1936-2011 : 75 ans de politique des vacances

Les vacances et les départs de masse n'ont pas un siècle d'existence et pourtant, leur pratique, si elle n'est pas généralisée, semble largement rentrée dans la liste des attentes de la société française. Rappelons-nous d'abord que jusque juin 1936, les milieux patronaux s'élevaient, à chaque proposition politique, contre l'obligation des "vacances payées" et que le Sénat avait enterré toutes les propositions de lois déposées en ce sens, notamment le projet Durafour de 1925*. Toutefois, beaucoup d'usines avaient pris l'habitude de fermer une ou deux semaines en août... mais sans payer leurs ouvriers ! Après la vague de grèves de mai-juin 1936, la donne a changé. Car même si la revendication des congés payés ne figurait pas au programme du Front populaire - les ouvriers étaient bien plus préoccupés par la question du chômage -, Léon Blum, alors chef du gouvernement français, annonça le dépôt imminent d'un projet de loi en ce domaine. Votée à la quasi-unanimité par la Chambre des députés le 11 juin par 563 voix contre une, puis par le Sénat le 17 juin par 295 voix contre deux, promulguée enfin le 21 juin, elle instituait un congé payé de quinze jours, dont douze ouvrables, pour les salariés ayant effectué un an de service continu dans l'entreprise.

Déjà, en 1936, la politique des vacances ne se résumait pas au "simple" octroi de congés. Sous-secrétaire d'Etat à l'Organisation des loisirs et des sports, Léo Lagrange négocia avec les compagnies de chemin de fer l'institution d'un "billet populaire de congé annuel" 550.000 personnes en profitèrent en 1936, 907.000 en 1937. L'été 1936 fut aussi la saison des premiers grands départs en bicyclette ou en tandem. Ainsi, grâce aux congés payés - et à la forte augmentation des salaires -, de nombreux ouvriers purent prendre de véritables vacances pour la première fois de leur vie. Il convient toutefois de ne faut pas exagérer l'ampleur des départs de 1936 : une série d'études locales a montré que, sauf en région parisienne, ils ont été peu nombreux et que la majorité des salariés sont restés chez eux*.

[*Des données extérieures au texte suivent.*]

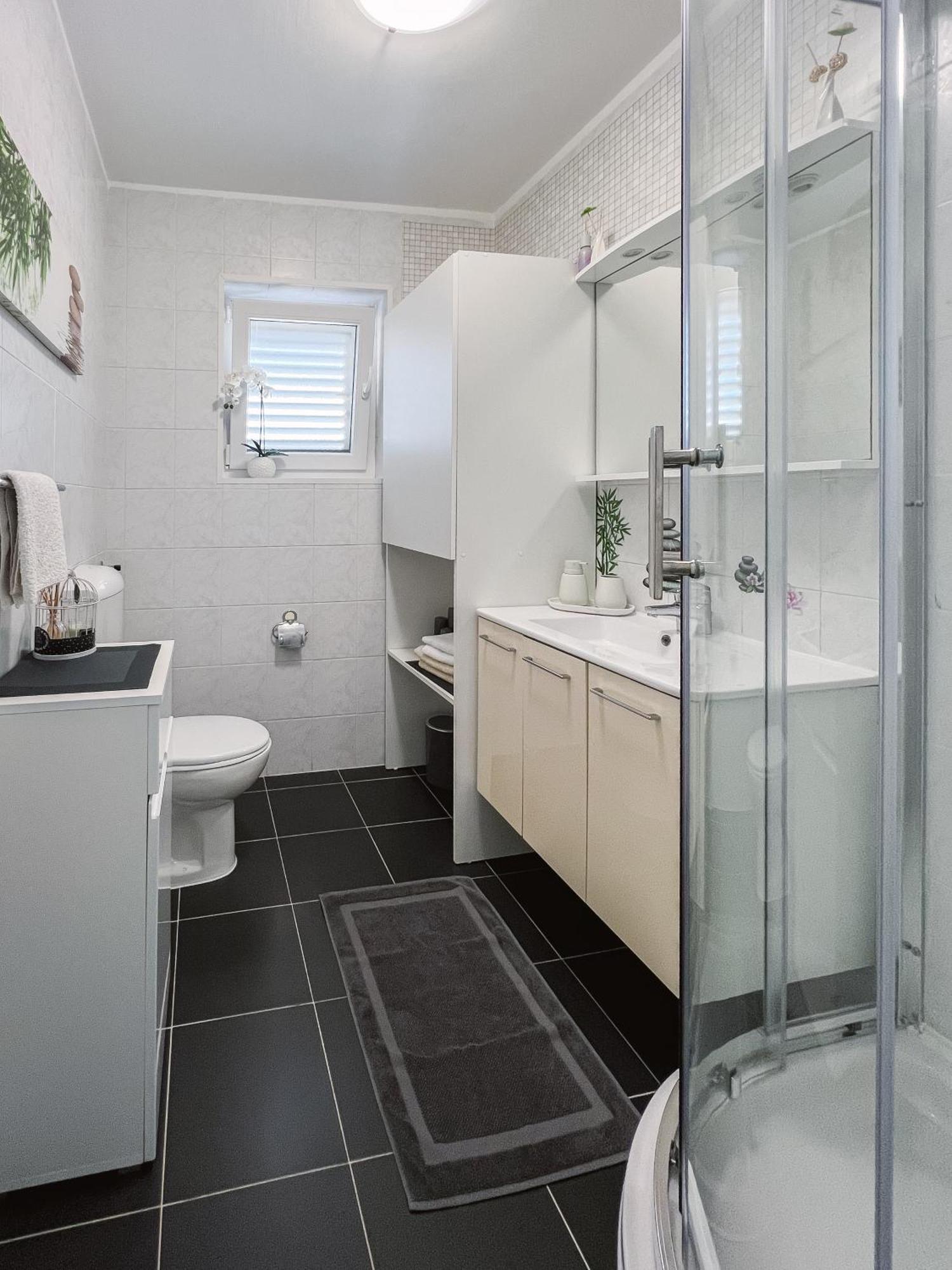 Modern Apartment In The Heart Of Njivice Bagian luar foto
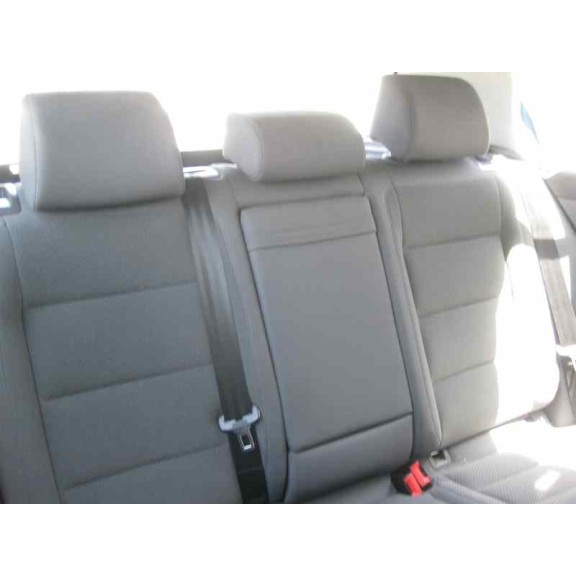 volkswagen golf v berlina (1k1) del año 2005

Au fil du XXe siècle, la régie Renault joua ensuite un rôle moteur dans l'extension de la durée des congés payés. Le 15 septembre 1955, elle accorda trois semaines à ses salariés. Cette mesure fut rapidement réclamée et obtenue par la majorité des grandes entreprises et elle fut généralisée sous le gouvernement Guy Mollet par la loi du 27 mars 1956. Le tourisme populaire en fut relancé, accompagné de l'essor du caravaning... Accordée chez Renault le 29 décembre 1962, la quatrième semaine s'étendit de la même façon avant d'être rendue obligatoire par la loi du 17 mai 1969. Quant à la cinquième semaine, elle remonte à l'arrivée de la gauche au pouvoir en 1981 ; elle fut officialisée par l'ordonnance du 13 janvier 1982. Comme un symbole de l'importance nouvelle donnée à la question des vacances, l'article 140 de la Loi du 29 juillet 1998 relative à la lutte contre l'exclusion la définit même comme un objectif national : "L'égal accès de tous, tout au long de la vie, à la culture, à la pratique sportive, aux vacances et aux loisirs constitue un objectif national. Il permet de garantir l'exercice effectif de la citoyenneté", souligne le texte de loi.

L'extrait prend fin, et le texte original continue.